[Image-caption web data]
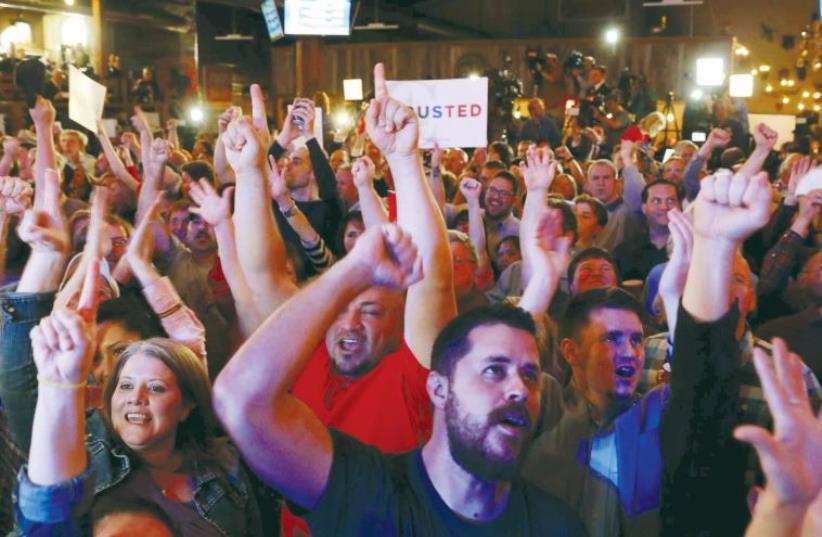 Supporters of US presidential candidate Senator Ted Cruz cheer as they watch Super Tuesday primary and caucus voting results at a campaign rally (photo credit: REUTERS)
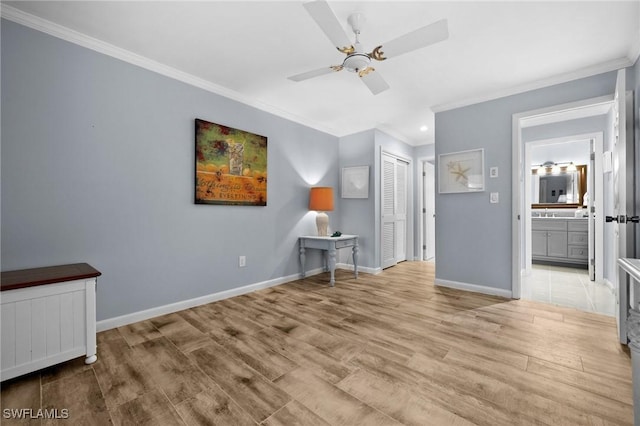 interior space with ceiling fan, ornamental molding, and light wood-type flooring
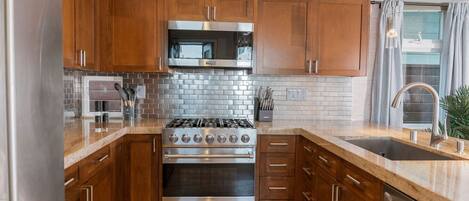 Dishwasher, coffee/tea maker, highchair, cookware/dishes/utensils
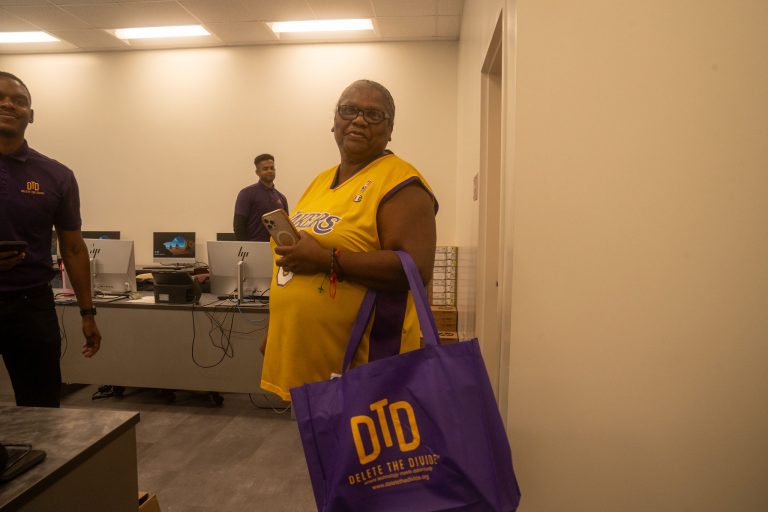 Participant posing with DTD giveaway bag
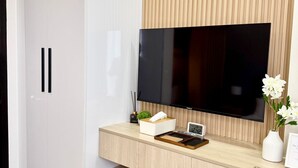 Una habitación moderna con un televisor montado en una pared de madera, un armario blanco y un escritorio de madera con una planta y un reloj.
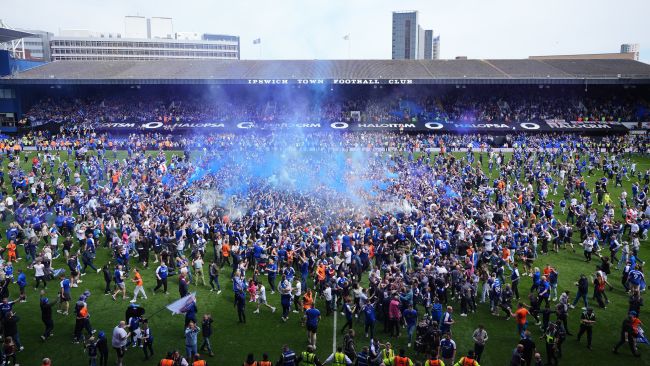 Ipswich fans invade the pitch at Portman Road after their club secured promotion to the Premier League.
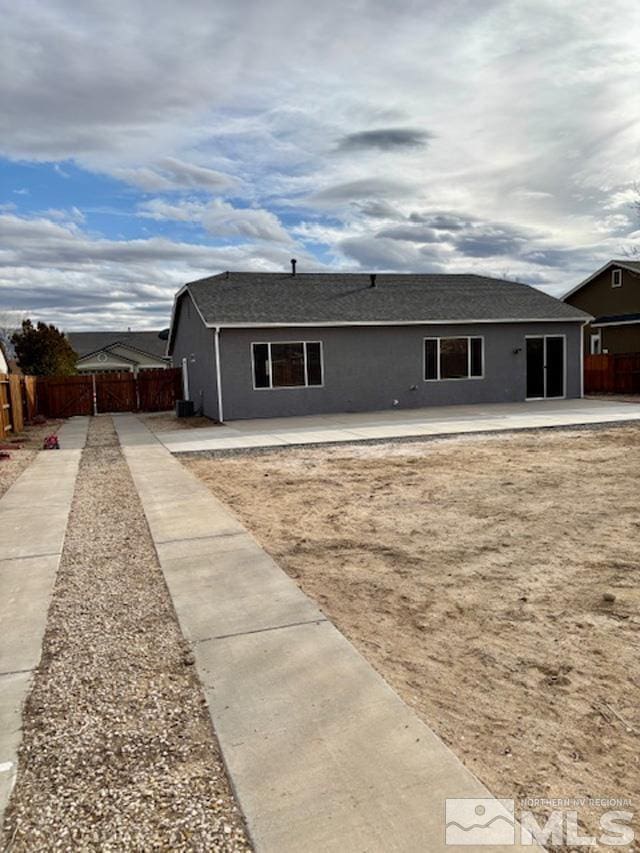 rear view of property with roof with shingles, stucco siding, a patio, and fence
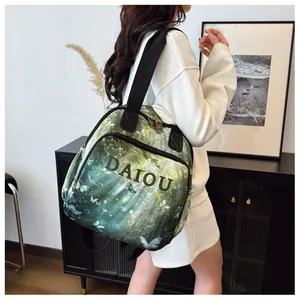 Detailed close-up of DAIOU large capacity backpack with green forest and butterfly print
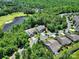 Stunning aerial view of homes near a golf course and lake, nestled in a lush green environment at 35115 Carnation Ln, Fort Mill, SC 29707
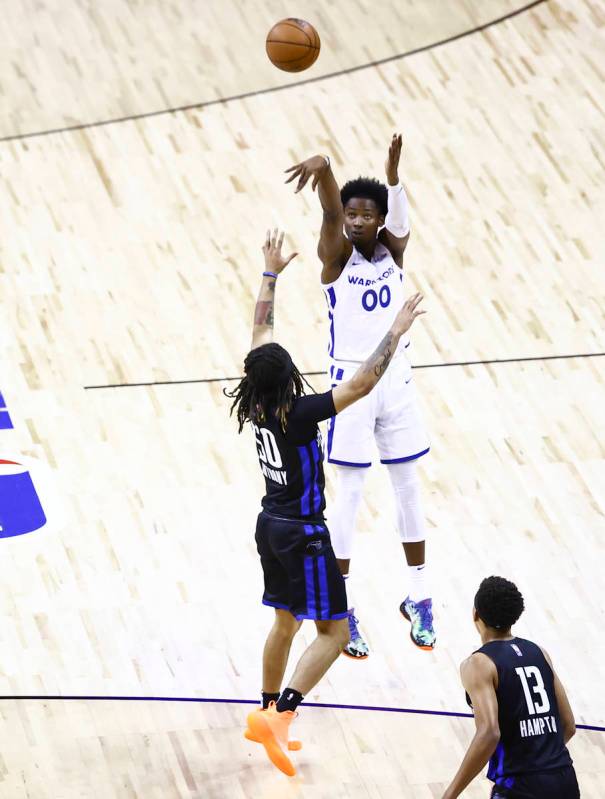 Golden State's Jonathan Kuminga (00) shoots over Orlando's Cole Anthony (50) during the first h ...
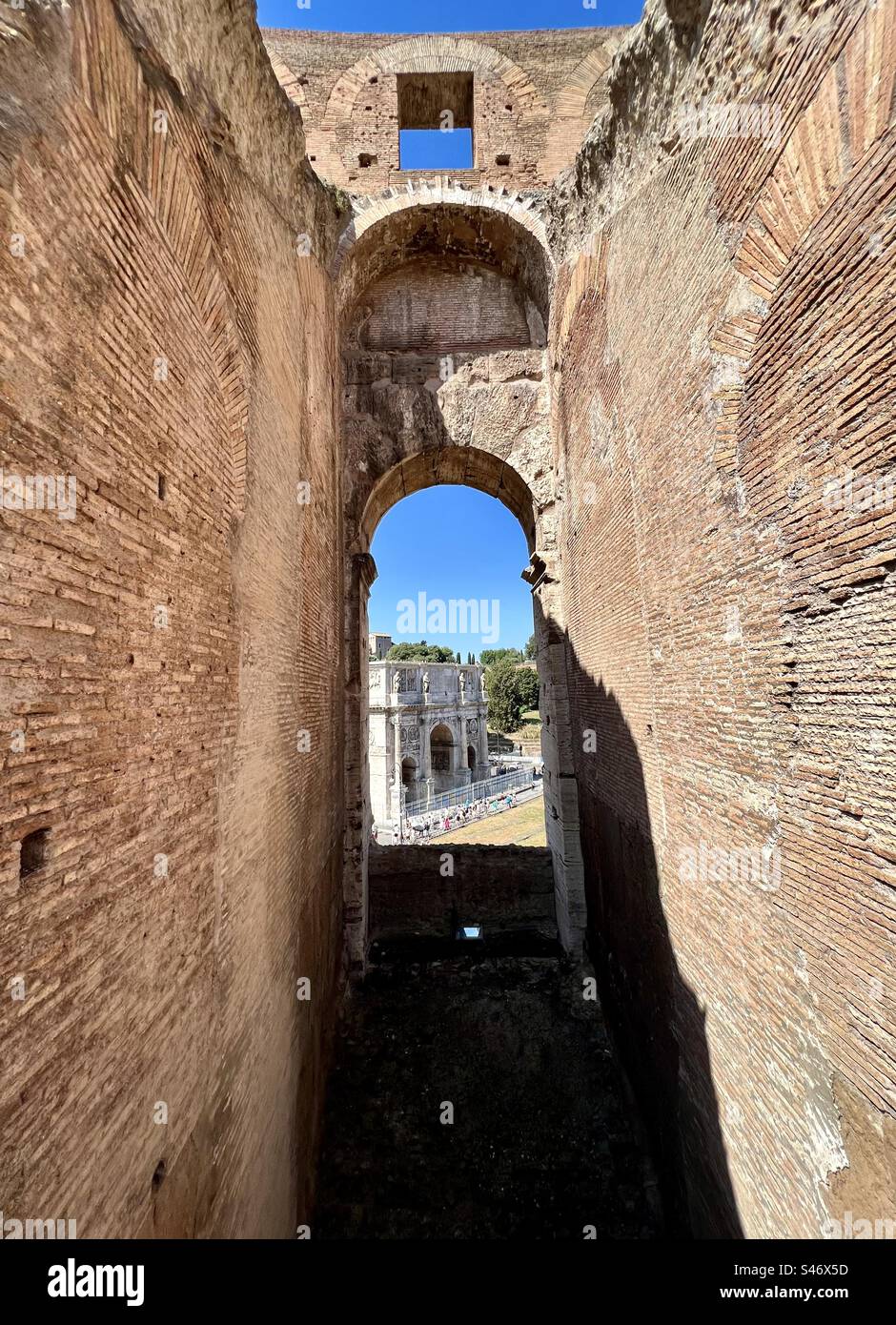 Arch of Constantine viewed through an opening of the Roman Colosseum. - Smartphone Captured Stock Image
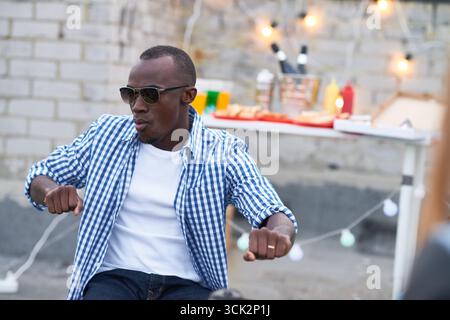 Schwarzer junger Erwachsener, der eine Sonnenbrille trägt und im Freien tanzt, festlicher Tisch mit Speisen und Getränken im Hintergrund Stockfoto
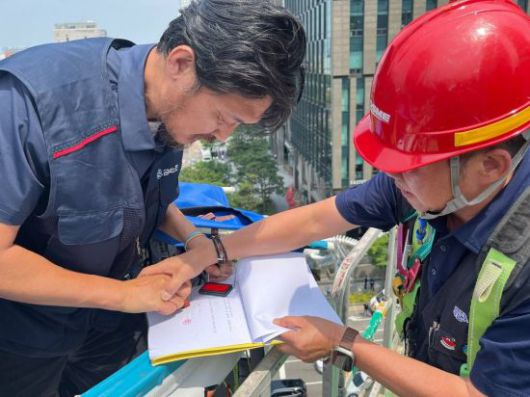 김형수 거제통영고성조선하청지회장(왼쪽)이 서울 여의도 한화 본사 앞 고공 농성장에서 장창열 금속노조 위원장과 함께 한화오션 하청 노사 간 합의서에 도장을 찍고 있다. 금속노조 경남지부 제공
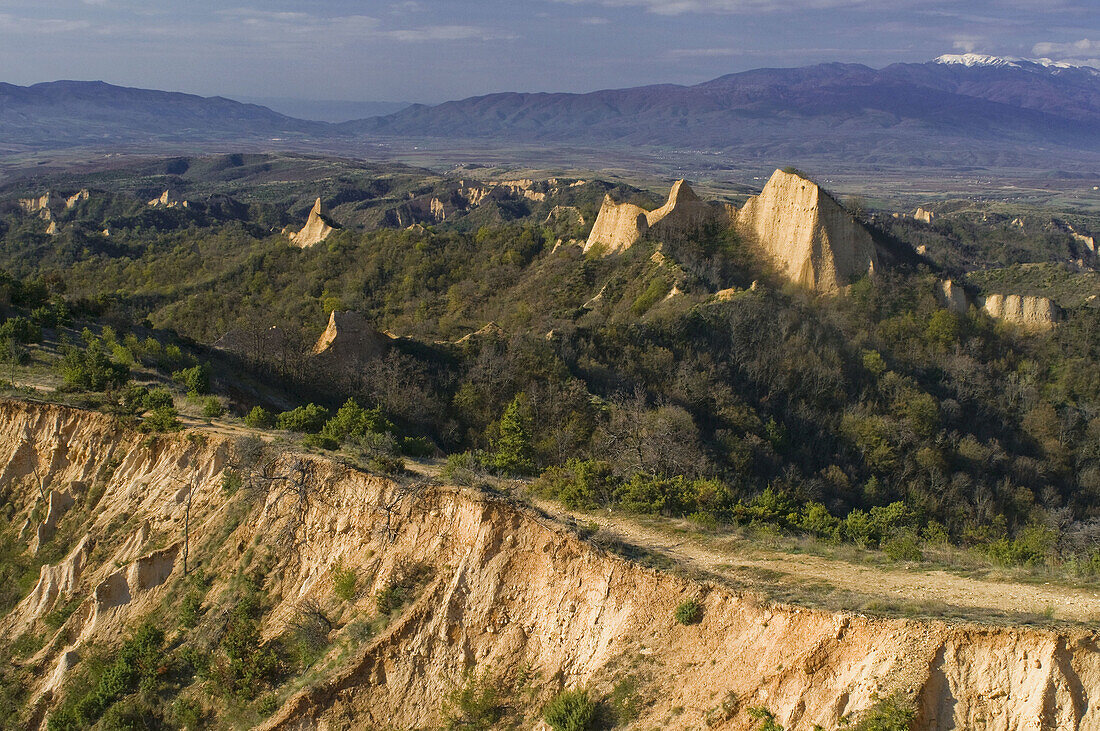 Hoodoo rocks of Melnik, geologic formations of soft sedimentary rocks, overlooking cultivated  landscape of Bistrica and Struma Valley, Bulgarian-Greek border mountains with snow-covered Radomir, South Bulgaria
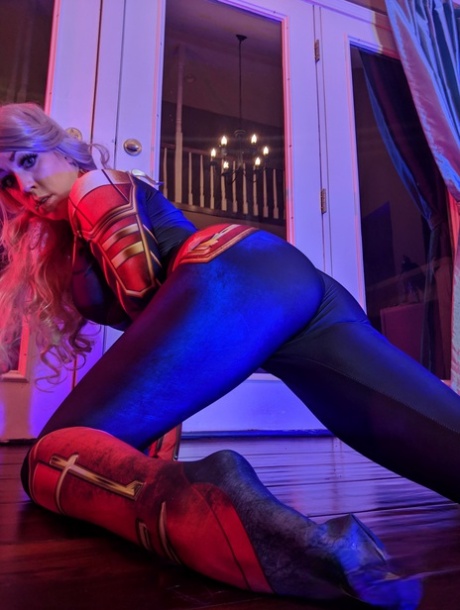 As a blonde amateur, Kayla Kiss removes her superheroine attire.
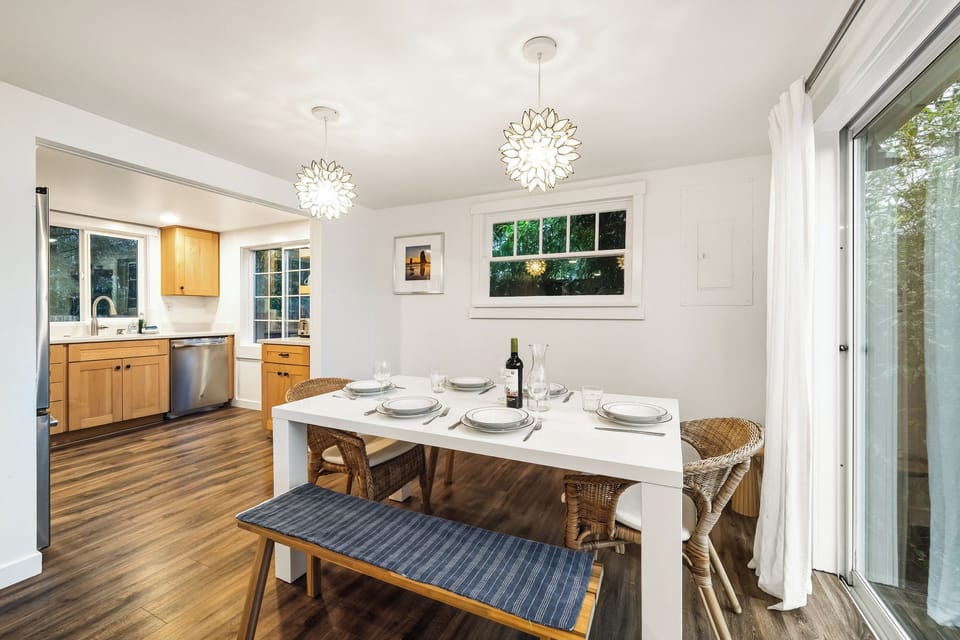 Dining room open to the living room. Sliding door to front deck.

▶ _EXERCISE BRIEF_
Exactly the lines from the one with "Stunning aerial view" through the end of the entries above must be written out, and no pictures may be included.

▶ _REPLY_
 Stunning aerial view of homes near a golf course and lake, nestled in a lush green environment at 35115 Carnation Ln, Fort Mill, SC 29707
 Golden State's Jonathan Kuminga (00) shoots over Orlando's Cole Anthony (50) during the first h ...
 Arch of Constantine viewed through an opening of the Roman Colosseum. - Smartphone Captured Stock Image
 Schwarzer junger Erwachsener, der eine Sonnenbrille trägt und im Freien tanzt, festlicher Tisch mit Speisen und Getränken im Hintergrund Stockfoto
 김형수 거제통영고성조선하청지회장(왼쪽)이 서울 여의도 한화 본사 앞 고공 농성장에서 장창열 금속노조 위원장과 함께 한화오션 하청 노사 간 합의서에 도장을 찍고 있다. 금속노조 경남지부 제공
 Hoodoo rocks of Melnik, geologic formations of soft sedimentary rocks, overlooking cultivated  landscape of Bistrica and Struma Valley, Bulgarian-Greek border mountains with snow-covered Radomir, South Bulgaria
 As a blonde amateur, Kayla Kiss removes her superheroine attire.
 Dining room open to the living room. Sliding door to front deck.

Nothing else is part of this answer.